Anybody could do this, but the training process is something that takes a lot of time,” Dr. Francis Collins, who heads the National Institutes of Health, told NBC News in an interview.        

Treating Ebola patients does not have to be dangerous, Collins said. “But it takes a lot of time to make it safe.”
That was obvious in a demonstration given this week at the NIH clinical center, where Dallas nurse Nina Pham was cared for until she was released earlier this month. It took a full 10 minutes to gear up Kevin Barrett, a specialist nurse who helped care for Pham.
So, it only took two different import patients, two additional hospital-acquired infections, forty false alarms, a few million dollars in direct healthcare costs, tens of millions in opportunity costs for jetliners and cruise ships pulled off-line, and several thousand people quarantined voluntarily for surveillance monitoring, to figure out that the CDC director, the NIAID director, the White House Press Secretary, The DHS national security assistant, and The President were all talking out their back ends for two or three months.

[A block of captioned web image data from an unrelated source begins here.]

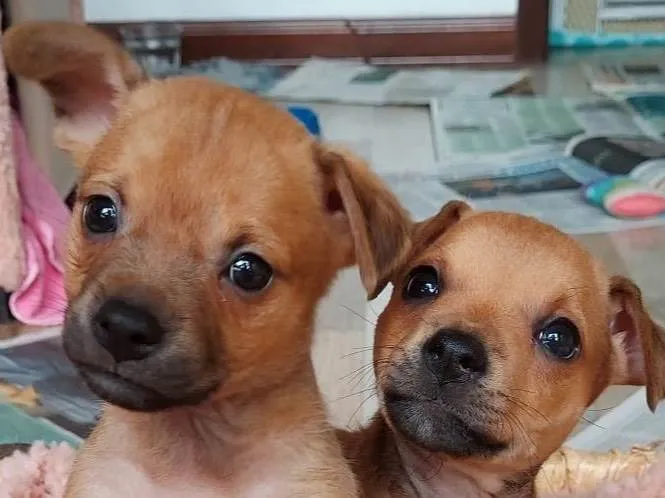 Cachorro ra a SRD-ViraLata idade Abaixo de 2 meses nome Panqueca e Amarula 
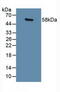 GA Binding Protein Transcription Factor Subunit Alpha antibody, abx128376, Abbexa, Western Blot image 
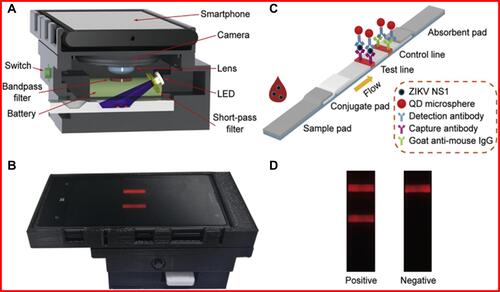 Figure 5 Design and applicability of smartphone-based fluorescent lateral flow immunoassay (LFIA) platform: (A) 3D schematic of internal structure of the device, (B) image of fluorescent LFIA reader, (C) schematic representation of ZIKV NS1 detection using fluorescent LFIA, and (D) images of test strips in the absence (right) and presence (left) of ZIKV NS1.Note: Reproduced with the permission from Rong Z, Wang Q, Sun N, Jia X, Wang K, Xiao R, Wang S. Smartphone-based fluorescent lateral flow immunoassay platform for highly sensitive point-of-care detection of Zika virus nonstructural protein 1. Analytica chimica acta. 2019 1055:140–7. Copyright (2019) Elsevier.Citation146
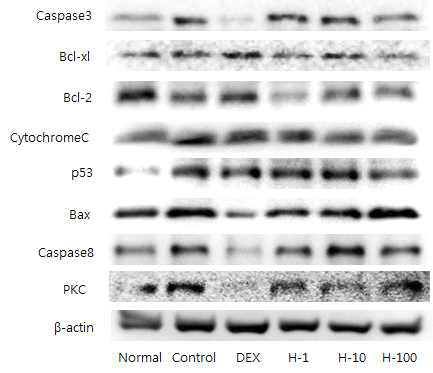 Effects of Carthamus tinctorius on apoptotic proteins in dorsal skin.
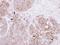 Alpha-catulin antibody, LS-C186252, Lifespan Biosciences, Immunohistochemistry frozen image 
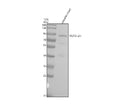 Anti-Zebrafish SUZ12a/b Antibody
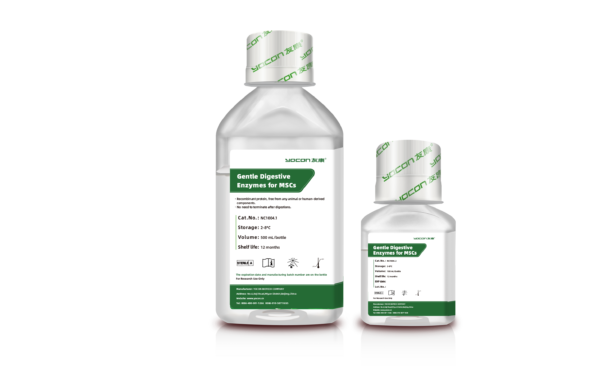 Gentle Digestive Enzymes For Stem Cells Gentle Digestive Enzymes For Stem Cells | NC1004 Ushelf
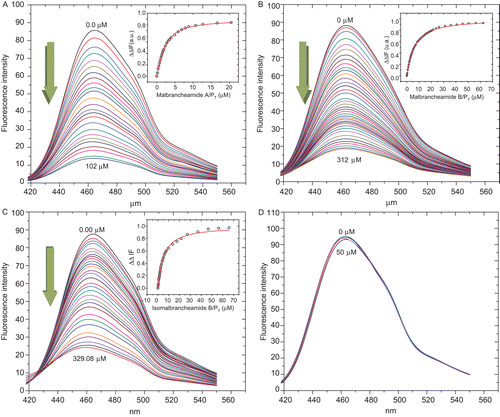 Figure 2.  Fluorescence spectra and titration curves of Ca2+-hCaM-M124C-mBBr in the presence of 1 (A), 2 (B), 3 (C), and 4 (D). Buffer was 100 mM of potassium acetate (pH 5.1) at 37°C and 1 mM CaCl2. Samples were excited at 381 nm, and emission spectra recorded for light scattering effects from 400 to 550 nm. The absolute changes of maximal fluorescence emission were plotted against the ration alkaloids/protein total and fitted to the binding equation model to obtain the Kd and stoichiometric ration.
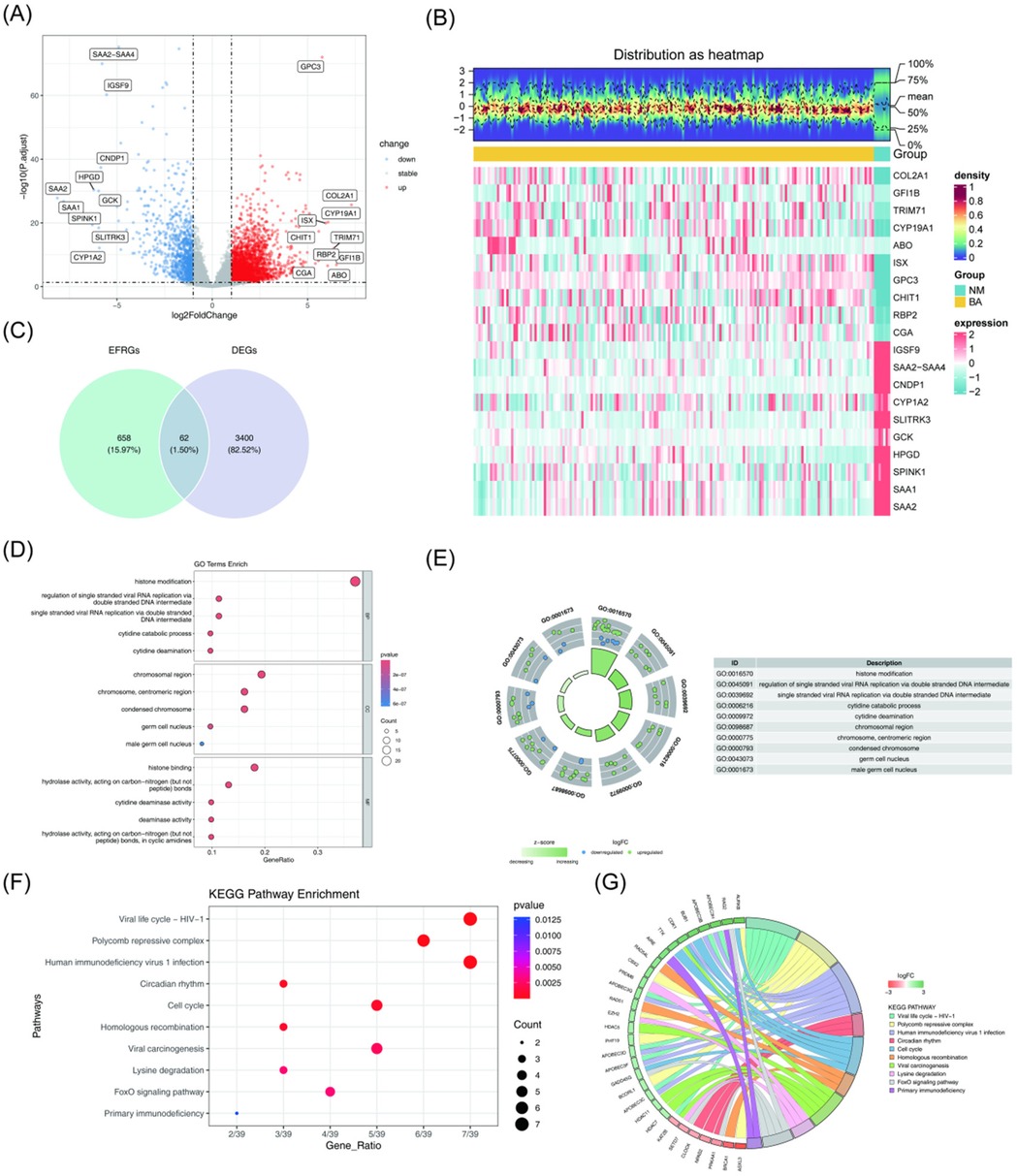 (A) A volcano plot displaying changes in gene expression, with significant genes marked. (B) A heatmap showing gene expression distribution across groups. (C) A Venn diagram comparing EFRGs and DEGs. (D) A dot plot for GO terms enrichment, categorized by gene ratio, p-value, and count. (E) A circular diagram illustrating GO term categories with an accompanying description table. (F) A dot plot of KEGG pathway enrichment, indicating pathways by gene ratio and p-value. (G) A circular chord diagram representing interactions among KEGG pathways, illustrating complex gene relationships.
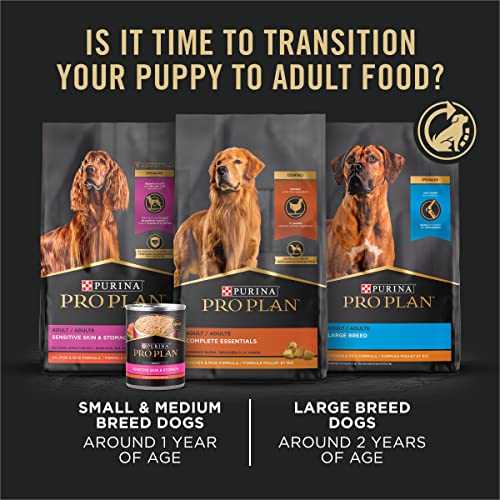 High Protein Dry Puppy Food, Chicken and Rice Formula - 18 lb. Bag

                              As Borat would say,
                                "Niiiiiiiiiiiiiiiiiiiiiiiiiiiiiiiiiiiiiiiice!"

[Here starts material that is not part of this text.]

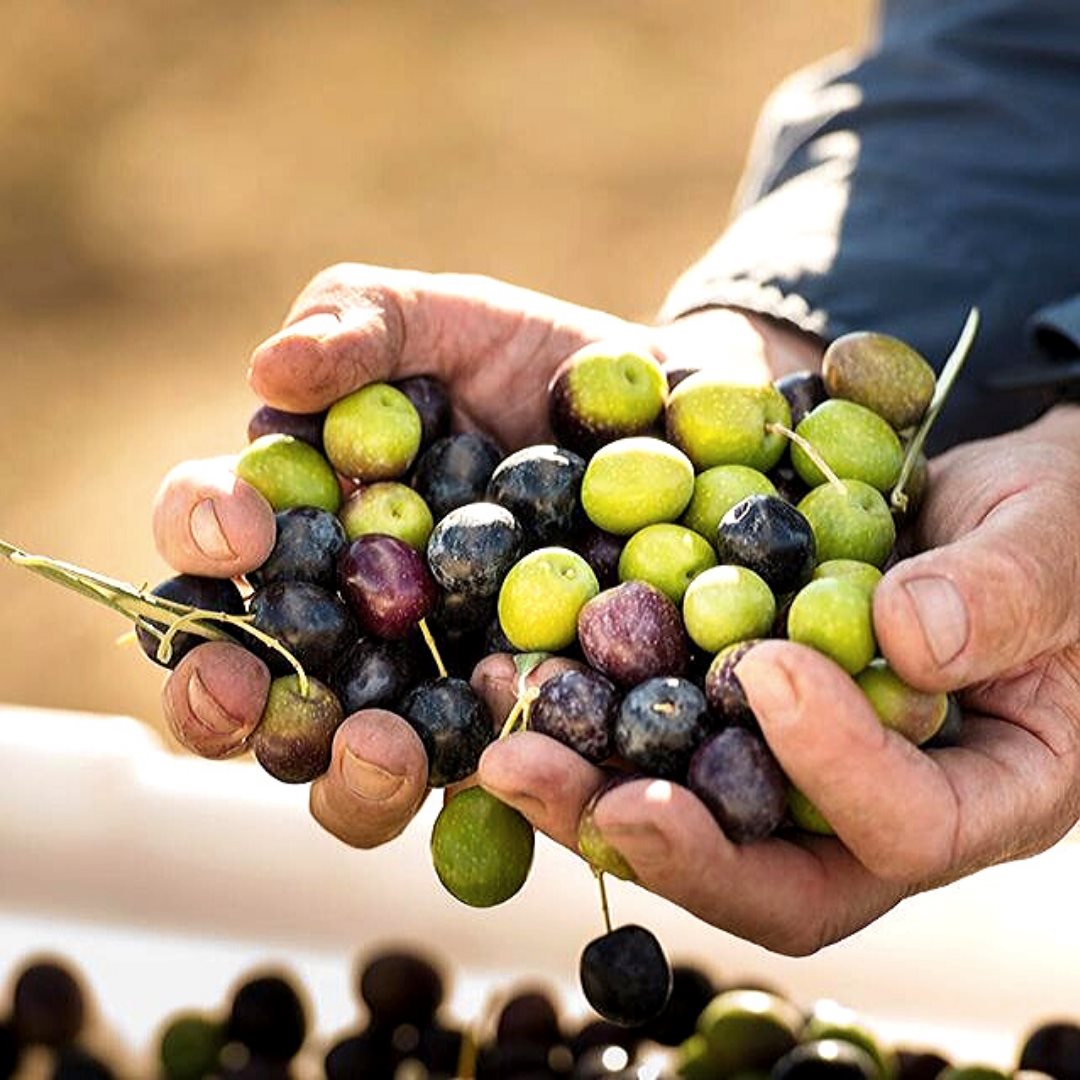 Gracias a tod@s ell@s que siguen trabajando para nosotr@s !
#FelizJuevesATodos 
#yomequedoencasa #QuedateEnCasa #Quédateencasa   #ResistireEnCasa  #Resistiré #resistiremos #EstevirusloParamosUnidos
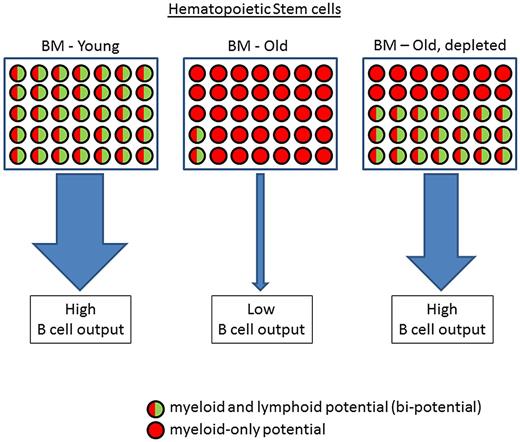 Figure 1. Proposed model for changes in the cellular composition of the HSC compartment with aging. In young mice (left), the frequency of bipotential HSCs is high and thus supports high output of B cells from the BM. With aging (middle), long-lived memory B cells accumulate in the periphery, thus reducing the “need” for production of new B cells. To facilitate this, the HSC composition changes and is dominated by myeloid-only potential HSCs, leaving only a small number of bipotential HSCs. With depletion of the long-lived B cells (right), the peripheral “need” for B cells stimulates expansion of the bipotential HSCs to reactivate B lymphopoiesis in the aged BM and revives the flow of new B cells from the BM to the periphery.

It's a good thing this wasn't over anything important.

Now that we know how to dress to treat it, WHAT are we doing to keep it from getting here in the first place?

Oh yeah, that would be NOTHING.

I feel so safe now!

12 comments:

Anonymous said...

Scary enough, and yes I also feel safe, but even safer when this (expletive) is still being passed around:

"Ebola isn’t as contagious as influenza, measles or even the common cold. It doesn’t float in the air or live on surfaces. To get it, people have to be in close contact with someone who is actively sick or with the person's bodily fluids, such as on a sheet covered with vomit or diarrhea. But doctors, nurses and technicians fall squarely into this risk group."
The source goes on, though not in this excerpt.